> It's how I interpret our requirements, I guess?
> 
> The vision of B3 is "user-defined primitives": that someone can define in a 
> library a type that can be used interchangeably with the existing built-in 
> primitive types. (We can debate whether "primitive" is the right word here, 
> but the concept persists under whatever naming scheme.)
> 
> If the expectation is that a typical programmer is going to look over their 
> menu of types and choose between 'int', 'long', or 'Integer128.val', I think 
> we've heavily biased them against the third one. The syntactic overhead is 
> just too much.

s/is/may be/

I’ve gone back and forth on this a few times as our understanding of the 
reality gets refined, and surely there’s room for multiple opinions.  

There are clearly useful choices to be had at both the declaration and use 
site.  If a class has no sensible default, then it’s a B2, and there’s nothing 
more to be done; if it does, then *maybe* it can be a B3.  So this choice — 
about zero defaults — has to be made by the class author.  

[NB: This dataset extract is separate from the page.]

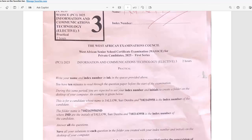Hello and welcome to this tutorial from the VAL ICT academic video library. In this video tutorial I will be answering the WASC ICT elective exam paper 3.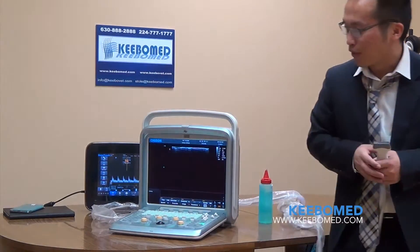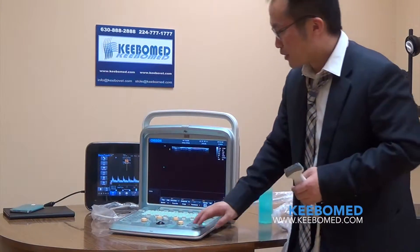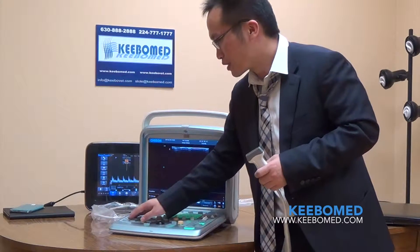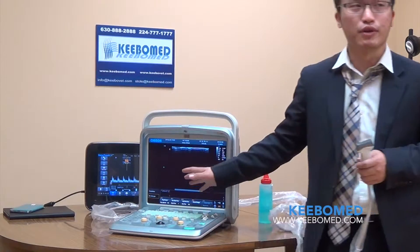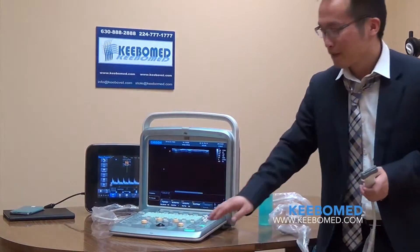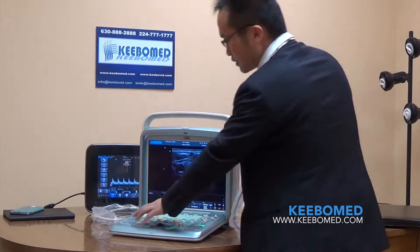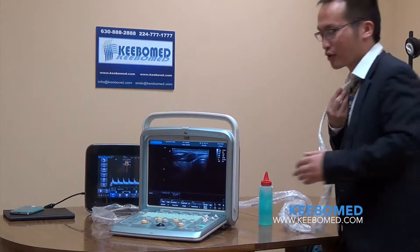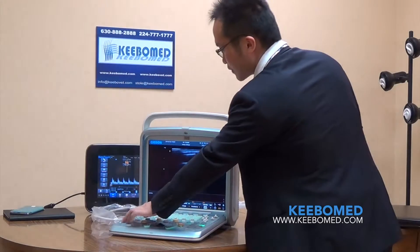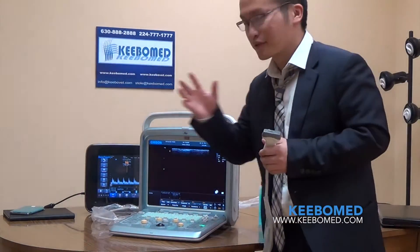For our system, we have another function called One Key Save. When you freeze the image, you can press this button to save images or save to the same memory. Most companies can do this, but for our system, we can also save the image in real time — you don't need to freeze first. Press it now and you can save the image or save to memory, even while it's running in real time.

If the class author says that zero is a sensible default, the client has 
choices at the use site, such as nullity.  Do they want to represent only 
dates, or the possibility of no date being present?  While clearly the latter 
choice depends on the former (you can’t choose .val for a B2), we want to 
empower both users — the class writer and the class user — to make these 
choices for themselves.  

> Whereas if we're saying "just use plain reference type 'Integer128', it'll 
> usually be fine", that's probably something we can sell (if we can deliver on 
> "usually fine"), even though the menu will be more like 'Integer', 'Long', 
> and 'Integer128’.

Fine is relative.  For mainstream users, the .ref type probably is fine most of 
the time; its better than B1 would be, and B1 is often fine now.  Where the 
real money is is when we have big arrays of flattenable types, because both the 
footprint and any accidental indirections / atomicity costs are multiplied.  

I guess I’d like to defer judgment on this bit of low-level syntax issues for a 
bit, while we let Kevin’s points sink in, and more importantly, figure out the 
role of the various opt ins (id-free, null-free, tear-free) into the story.